What is needed: Begin at the line with "Фотография часов Casio" and set down each line exactly until the listing ends. Images stay out.

Available data:
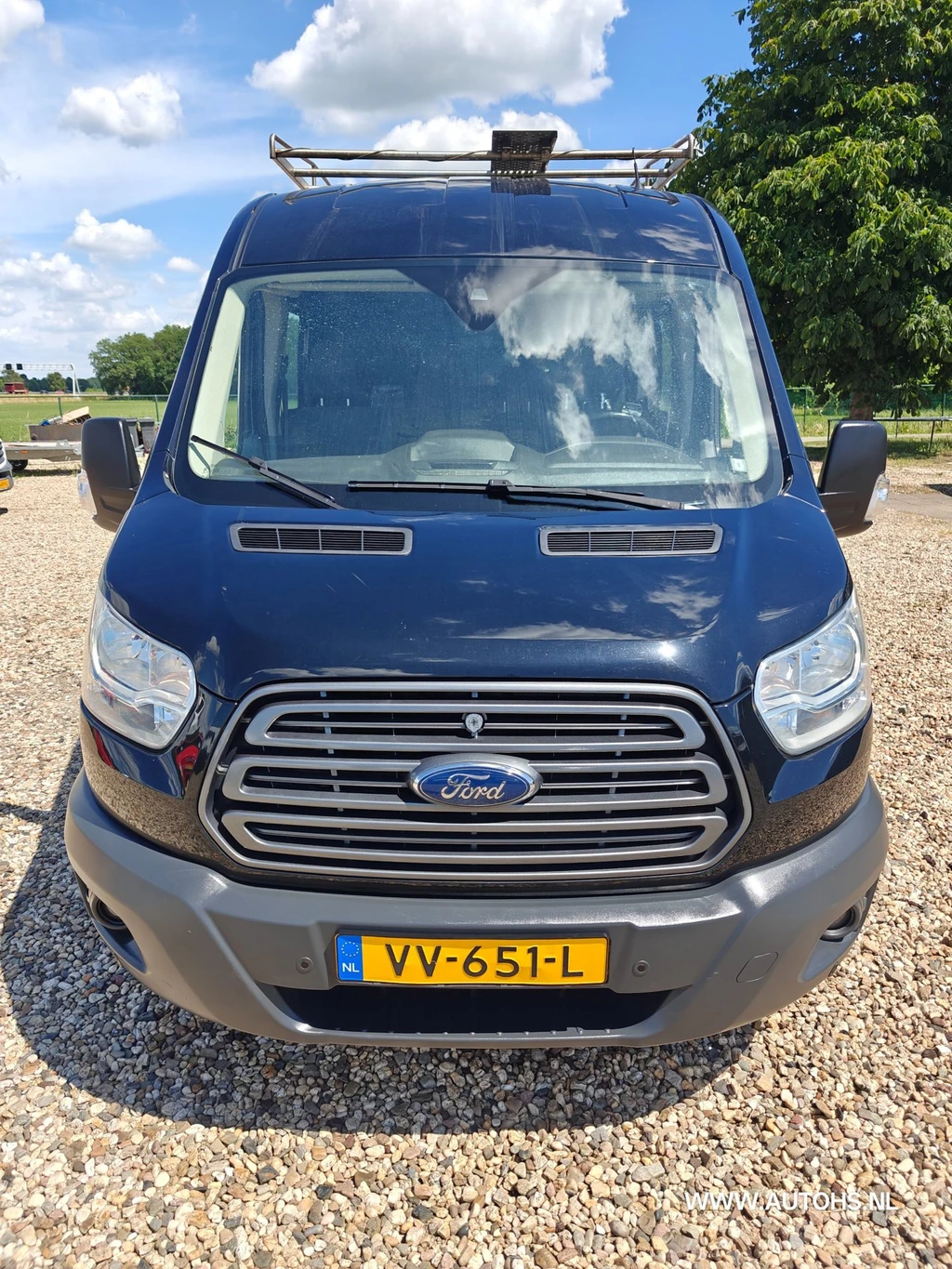 Ford Transit – foto 8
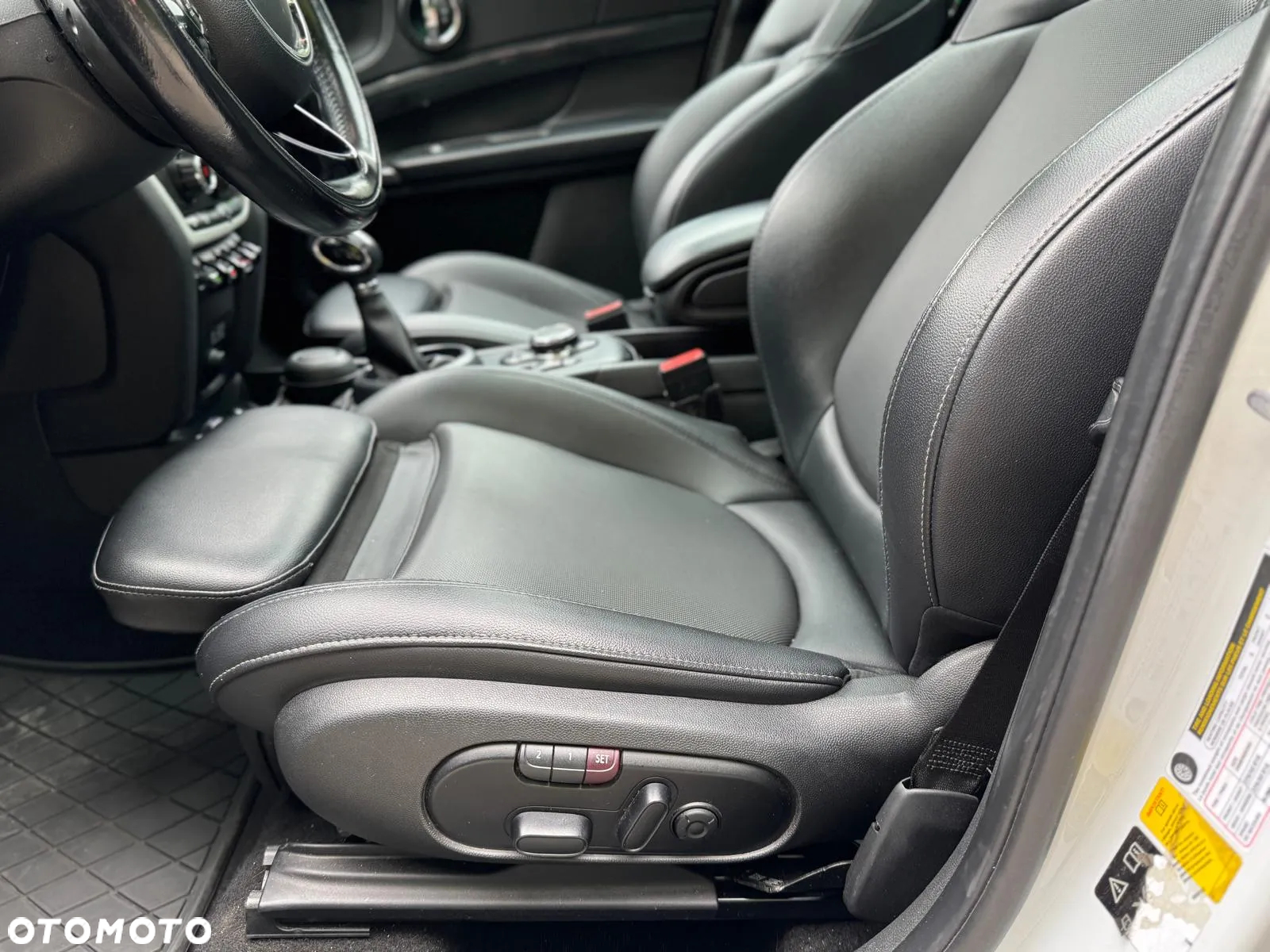 MINI Countryman Cooper S All4 - 32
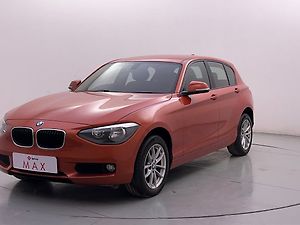21 Used BMW 1-Series Cars In India, Second Hand BMW 1-Series Cars for ...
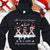 All I Want For Christmas Is A Cure Breast Cancer Hoodie, Shirts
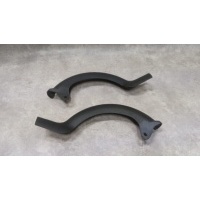 Накладка петли багажника Honda Accord CU 74897TL0G01, 74898TL0G01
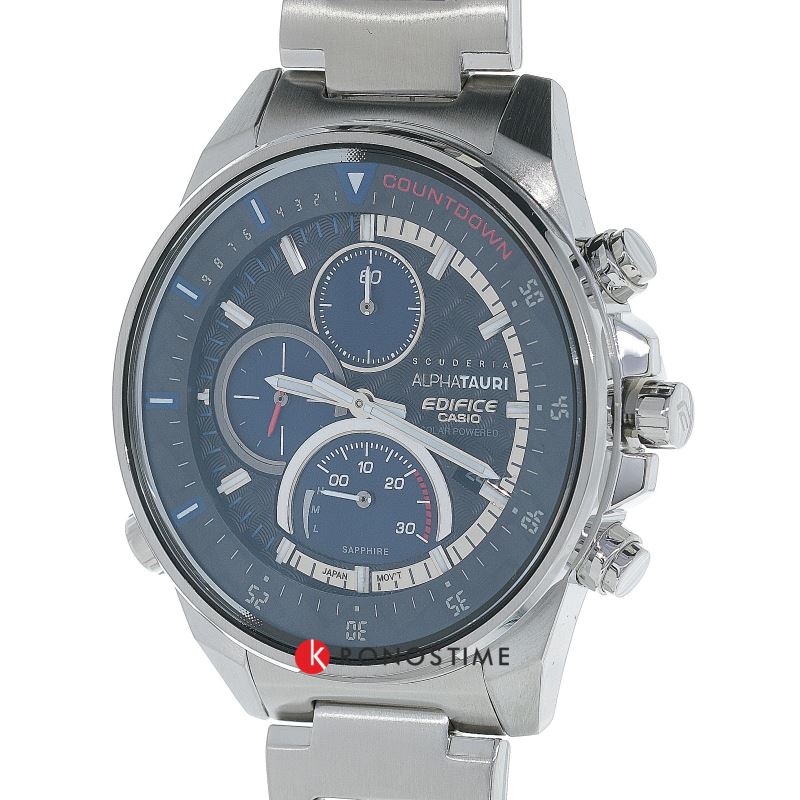 Фотография часов Casio Edifice EFS-S590AT-1A_41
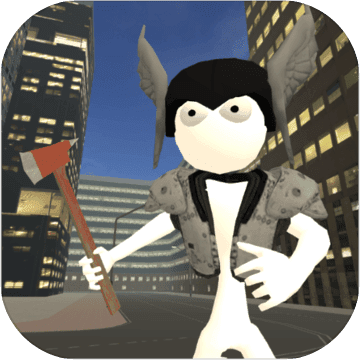 Real Stickman Crime 2׿-Real Stickman Crime 2v1.0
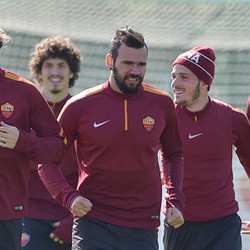 Leandro Castan: Musim Lalu Bukanlah Bencana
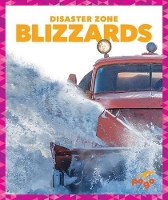 Book Cover for Blizzards by Cari Meister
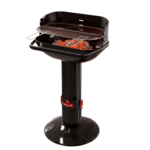 Houtskool Barbecue Loewy 55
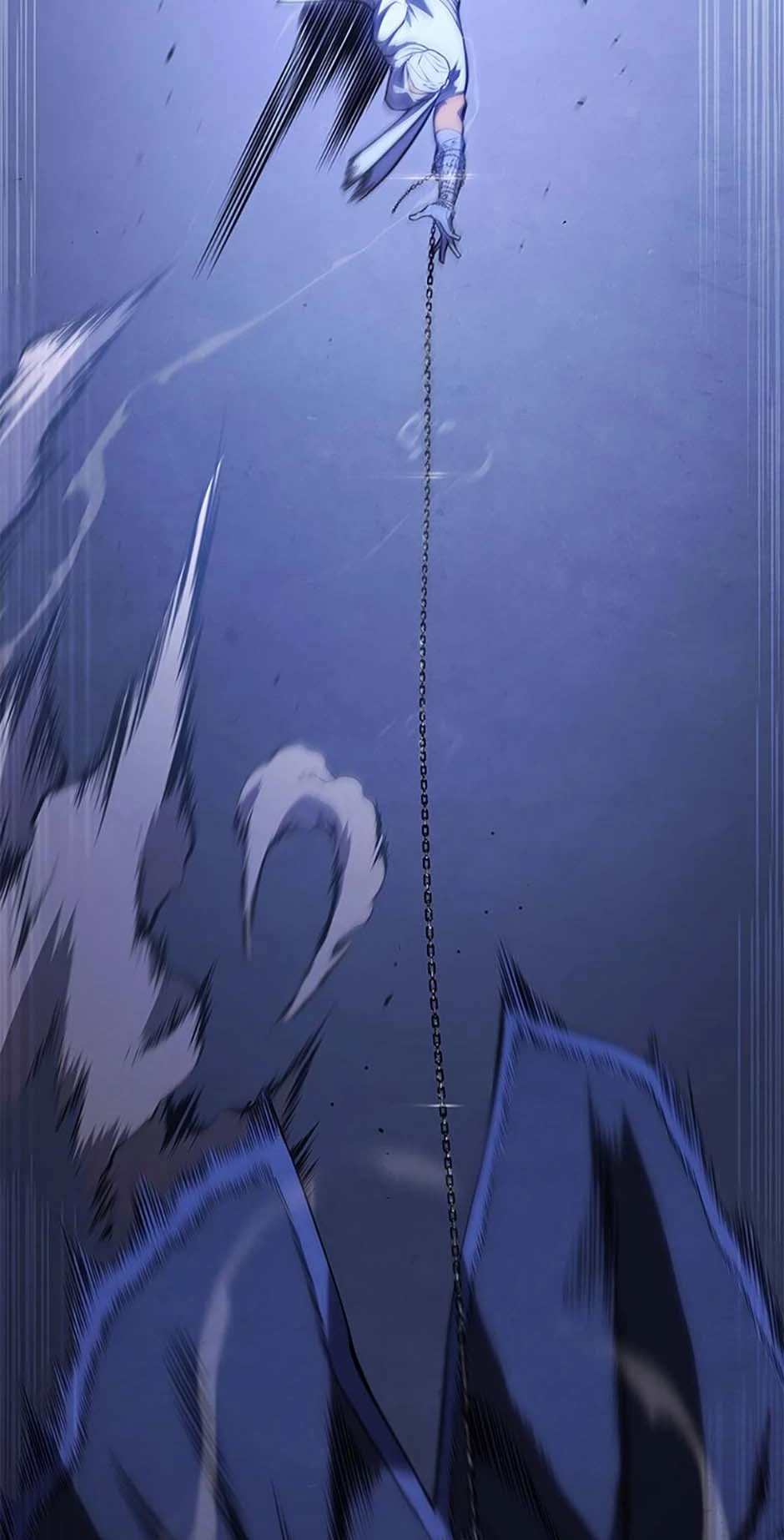 The Swordmaster's Son Chapter 104 - 43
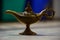 Aladdeen Jinee Lamp image HD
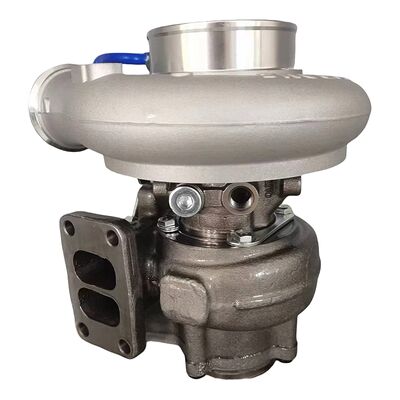 3598392 3598391 Turbocompresseur HX35G 65.09100-7074 65091007074 Pour le turbocompresseur Daewoo Bus au GNC, camion avec moteur GE08TIS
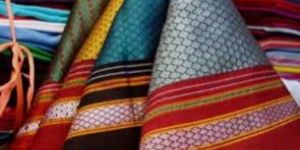 Cotton Sarees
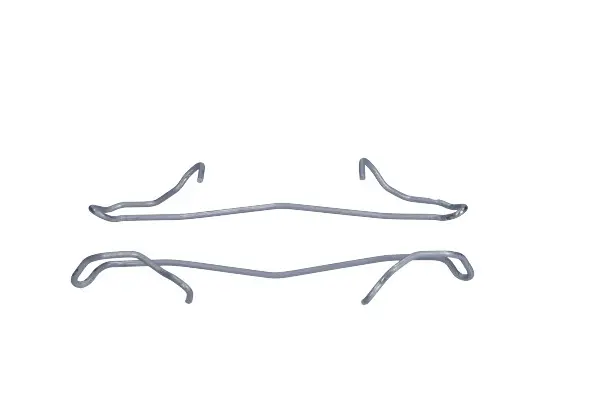 Set accesorii, placute frana QUICK BRAKE 109-1100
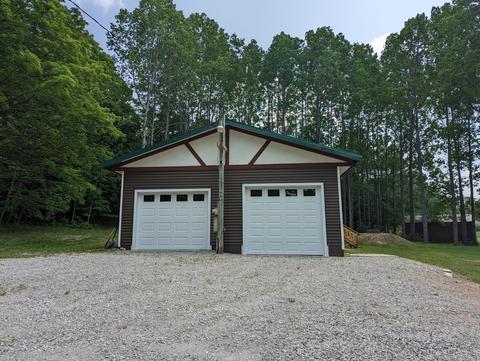 2594 Campbell Rd, Comins, MI 48619 photo 73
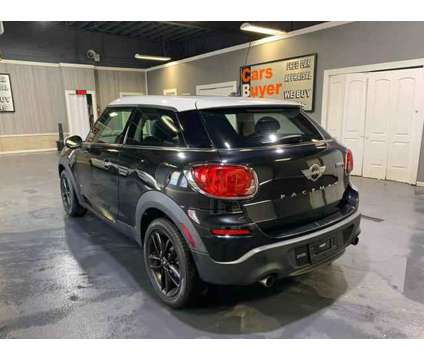 2015 MINI Paceman for sale is a Black 2015 Mini Paceman Car for Sale in South Hackensack NJ
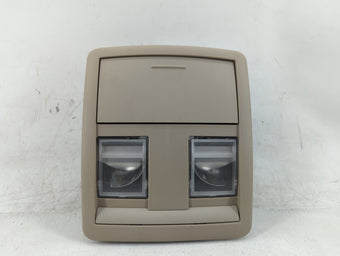 compare product 2006-2007 Dodge Charger Overhead Roof Console 1408478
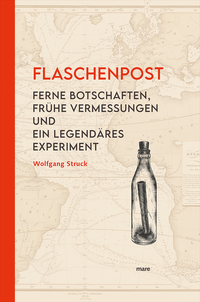 Flaschenpost - Cover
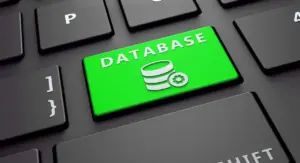 Qué define a las bases de datos modernas
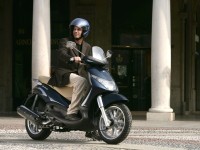     .   Piaggio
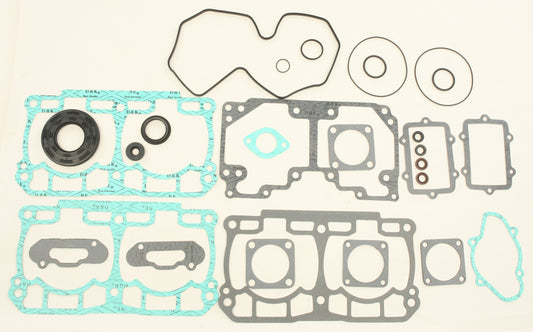 Sp1 Full Gasket Set S-D • #123-15012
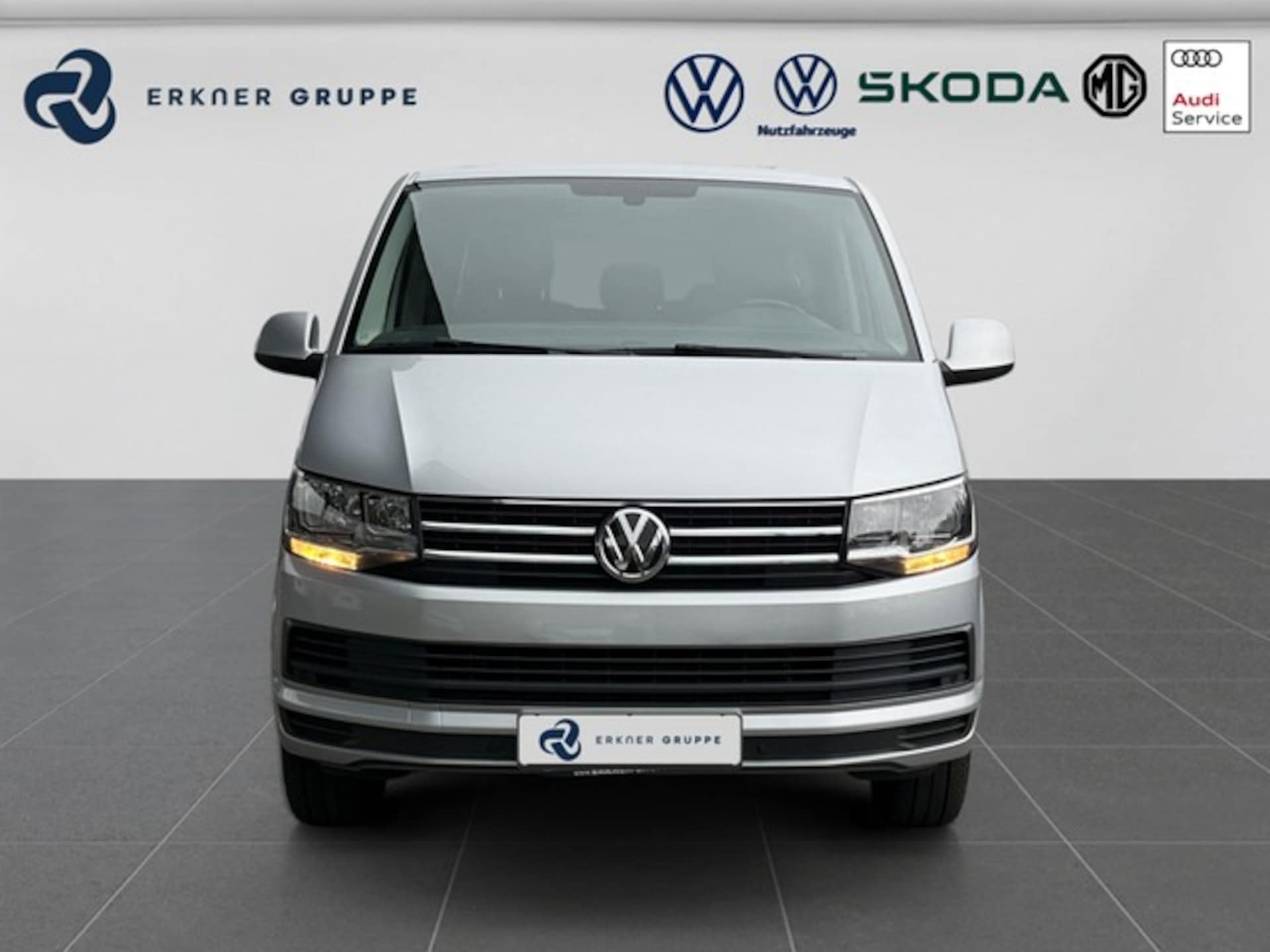 Volkswagen T6 Caravelle langer Radstand Comfortline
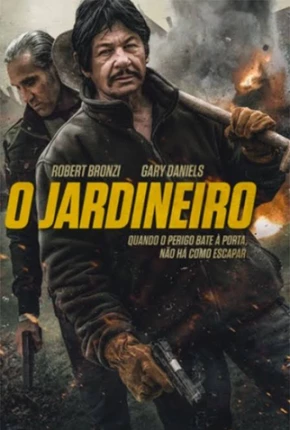 O Jardineiro Torrent Download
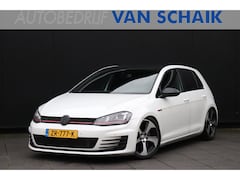 Volkswagen Golf - 2.0 TSI GTI Performance | 230 PK | DSG | PANO | STOELVERW. | PDC | CRUISE | NAVI |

Solution to the exercise:
 Фотография часов Casio Edifice EFS-S590AT-1A_41
 Real Stickman Crime 2׿-Real Stickman Crime 2v1.0
 Leandro Castan: Musim Lalu Bukanlah Bencana
 Book Cover for Blizzards by Cari Meister
 Houtskool Barbecue Loewy 55
 The Swordmaster's Son Chapter 104 - 43
 Aladdeen Jinee Lamp image HD
 3598392 3598391 Turbocompresseur HX35G 65.09100-7074 65091007074 Pour le turbocompresseur Daewoo Bus au GNC, camion avec moteur GE08TIS
 Cotton Sarees
 Set accesorii, placute frana QUICK BRAKE 109-1100
 2594 Campbell Rd, Comins, MI 48619 photo 73
 2015 MINI Paceman for sale is a Black 2015 Mini Paceman Car for Sale in South Hackensack NJ
 compare product 2006-2007 Dodge Charger Overhead Roof Console 1408478
 Flaschenpost - Cover
 Qué define a las bases de datos modernas
     .   Piaggio
 Sp1 Full Gasket Set S-D • #123-15012
 Volkswagen T6 Caravelle langer Radstand Comfortline
 O Jardineiro Torrent Download
 Volkswagen Golf - 2.0 TSI GTI Performance | 230 PK | DSG | PANO | STOELVERW. | PDC | CRUISE | NAVI |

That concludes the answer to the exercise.